BEGIN Data block

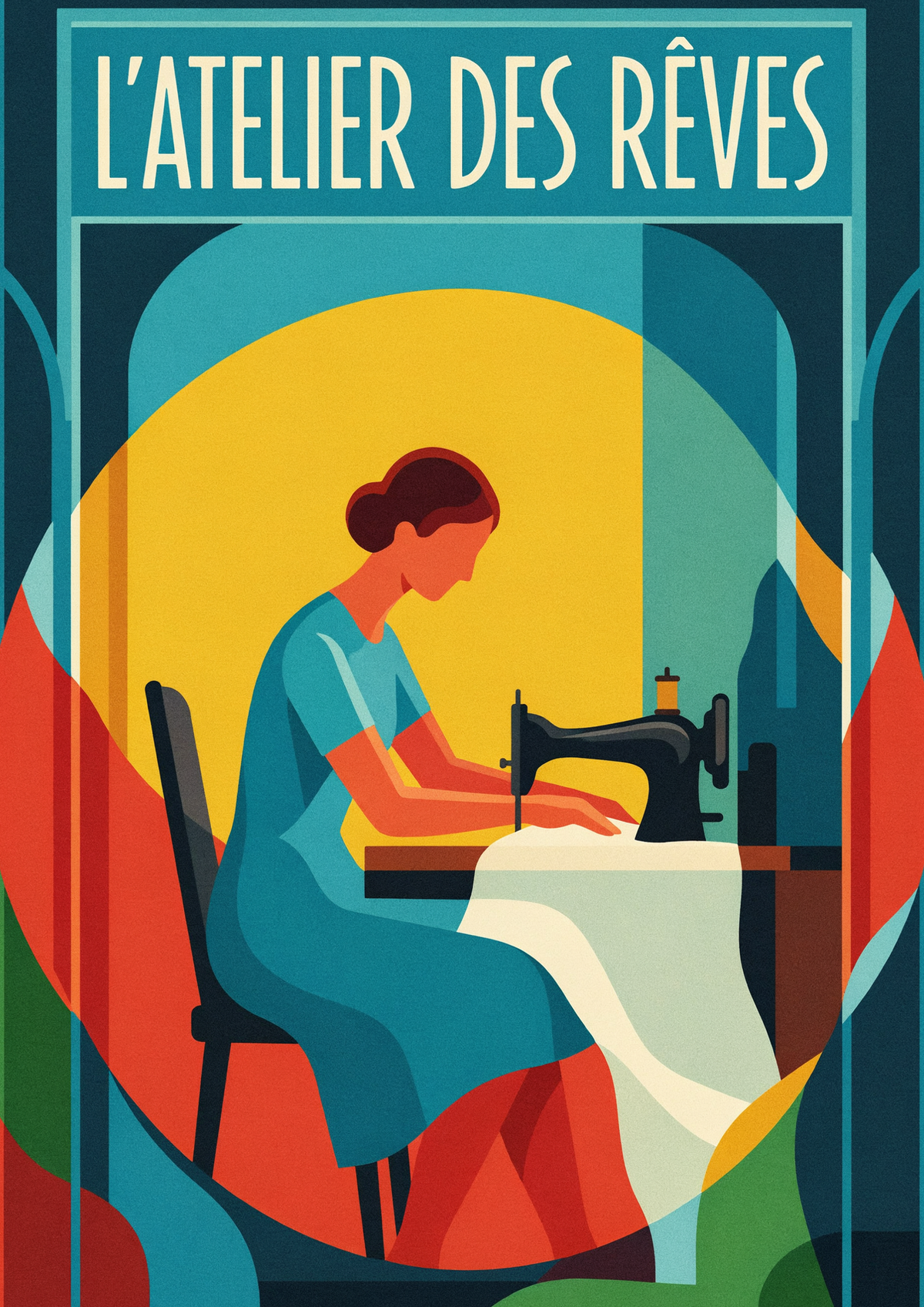 Affiche couture rétro L’Atelier des Rêves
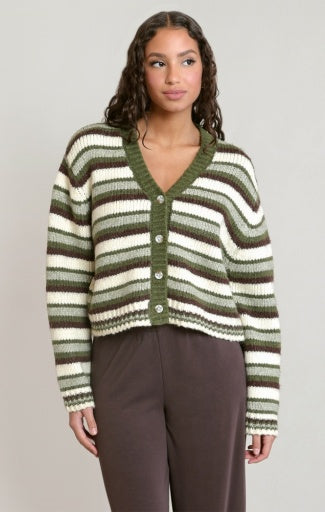 Cardigan rayé Dex, coloris rayures vertes, brunes et crème, vêtement porté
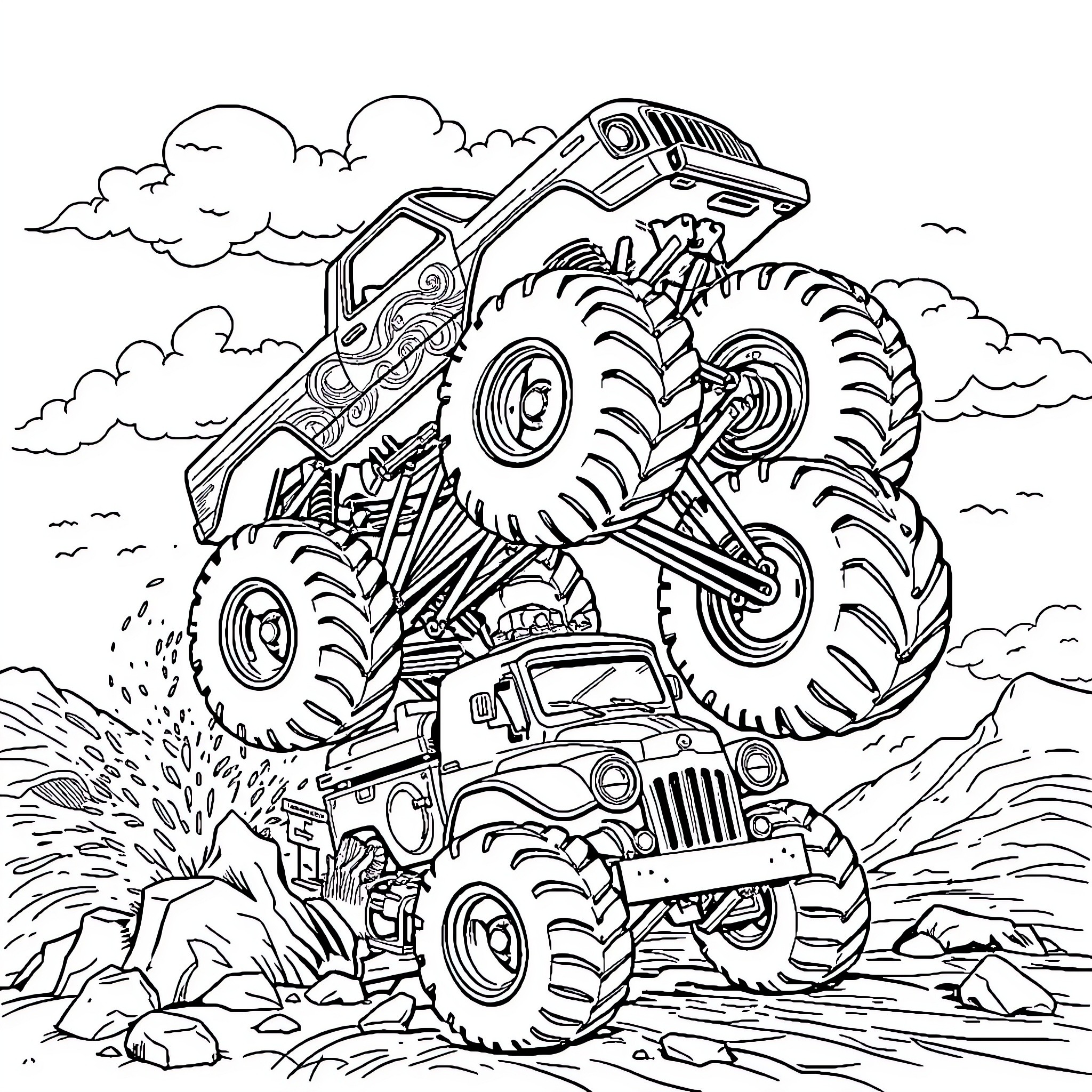 Gravedigger Monster Truck Crushing Cars in the Outdoors Coloring Page (free black-and-white line drawing printable PDF for all, from beginners to advanced learners, including children, teens, adults, and seniors)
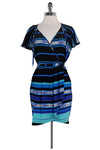 Short Sheer Belted Striped Print Silk Flutter Sleeves Elasticized Waistline Summer Dress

END Data block

◆ Task brief ◆
Your copy of the data above should match it exactly, apart from the images.

◆ Solution to this task ◆
 Affiche couture rétro L’Atelier des Rêves
 Cardigan rayé Dex, coloris rayures vertes, brunes et crème, vêtement porté
 Gravedigger Monster Truck Crushing Cars in the Outdoors Coloring Page (free black-and-white line drawing printable PDF for all, from beginners to advanced learners, including children, teens, adults, and seniors)
 Short Sheer Belted Striped Print Silk Flutter Sleeves Elasticized Waistline Summer Dress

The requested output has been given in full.